Acidus - 2004-10-31

Thanks to Charles for his great post about serial readers. I just received a MagTek 21040074 (serial, reads 1, 2, and 3). Steven, who sells the ACR33B (serial, reads 1 and 2) on ebay was nice enough to send me 2 of his readers.  And from England no less! Thank you very much Steven, they are working great.

Note: All Stripe Snoop development is done under Linux, only to be moved to Windows a few days before a new release to make it work there as well. Opening Hyper Terminal in Windows and setting the baud rate to 9600 is enough to read this in Windows, and full support under Stripe Snoop will be coming soon.

=====ACR33B=====
These are nice readers, and they read track 1 and 2. To read them, set your Serial Port settings to 9600 baud, with 8N1. No hardware or software flow control is needed. Under Linux, make sure your serial port is configured to use Canonical output (ie operates on lines at a time) and echo is turn on. Run "stty -F /dev/ttyS0" for information about how your port is configured

[acidus@helix tmp]$ stty -F /dev/ttyS0
speed 9600 baud; line = 0;
min = 1; time = 0;
-brkint -imaxbel
-icanon -echo

If icanon and -echo are not set, use "stty /dev/ttyS0 -icanon" and "stty /dev/ttyS0 -echo" to turn the flags on.
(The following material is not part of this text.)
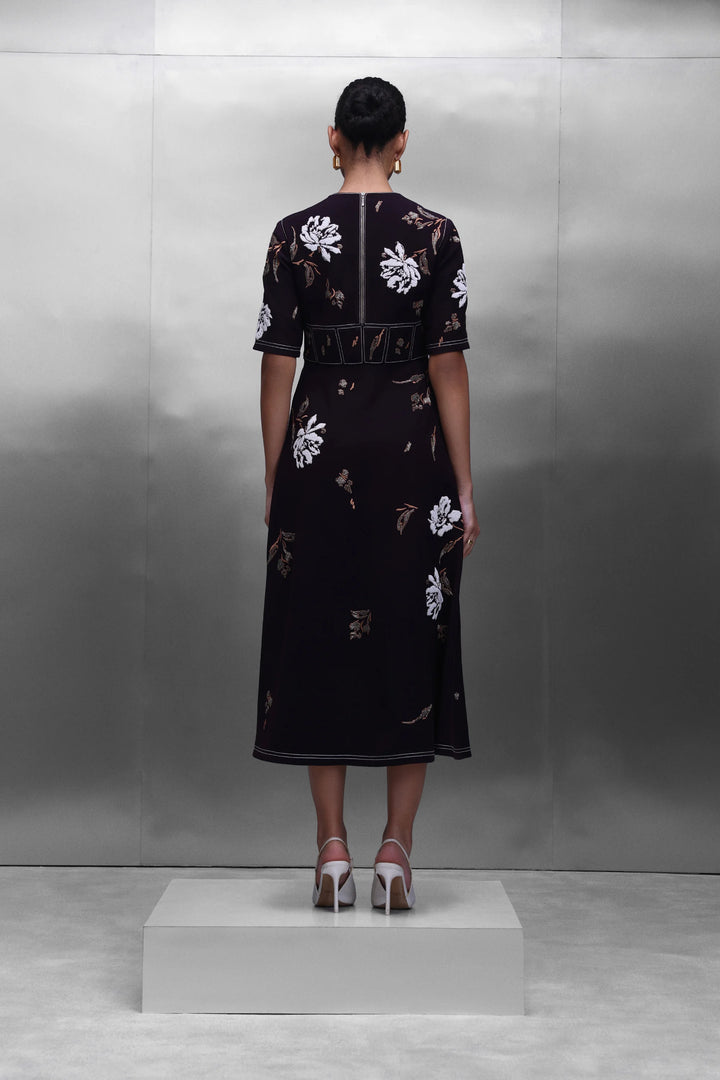 PEONIES CORSET MIDI DRESS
The ACR33B should respond by printing "PORTPOWERED READER" when you run "cat /dev/ttyS0" The output when you swipe a card looks like:

%[Track 1 Chars]?;[Track 2 Chars]?+N?

Note the 3 track is printed, but is always N. As Charles pointed out with the MagTek reader, all the tracks will be printed, and special letters will be used to convey info. N means the track was not detected. F means the track was detected, but contains a unknown character set. Of cource, if a card only has Track 3, the ACR33B will fail to detect it.

The ACR33B *does not* append its output with anew line character(s).

=====MagTek=====
The Magtek reader is expensive, but all you could ask for. It reads all 3 tracks. It also is much more forgiving than the ACR33B with serial port settings. The settings a port has on boot are enough, ie:
[acidus@helix tmp]$ stty -F /dev/ttyS0
speed 9600 baud; line = 0;
-brkint -imaxbel

The MagTek reader will display "21088817C01" when you run "cat /dev/ttyS0" and outputs as Charles has stated in his "A different view" post.

MagTek Serial Readers only output tracks they detect, so they don't use the N. MagTek readers also use E to signify a track it detected but couldn't decode

MagTek Serial readers add a new line character to the end of their output.

=====Current Support=====
Being Serial readers, you can read them using Hyoer Terminal in WIndows, or "cat" in Linux. I have only had serial readers for a week or so, but the CVS version of Stripe Snoop supports MagTek serial readers, but not ACR33B. Seeing how ACR33B readers display there output different (no \n), they will require some programming, but they will be supported soon in the CVS tree, and certainly in the next version of Stripe Snoop.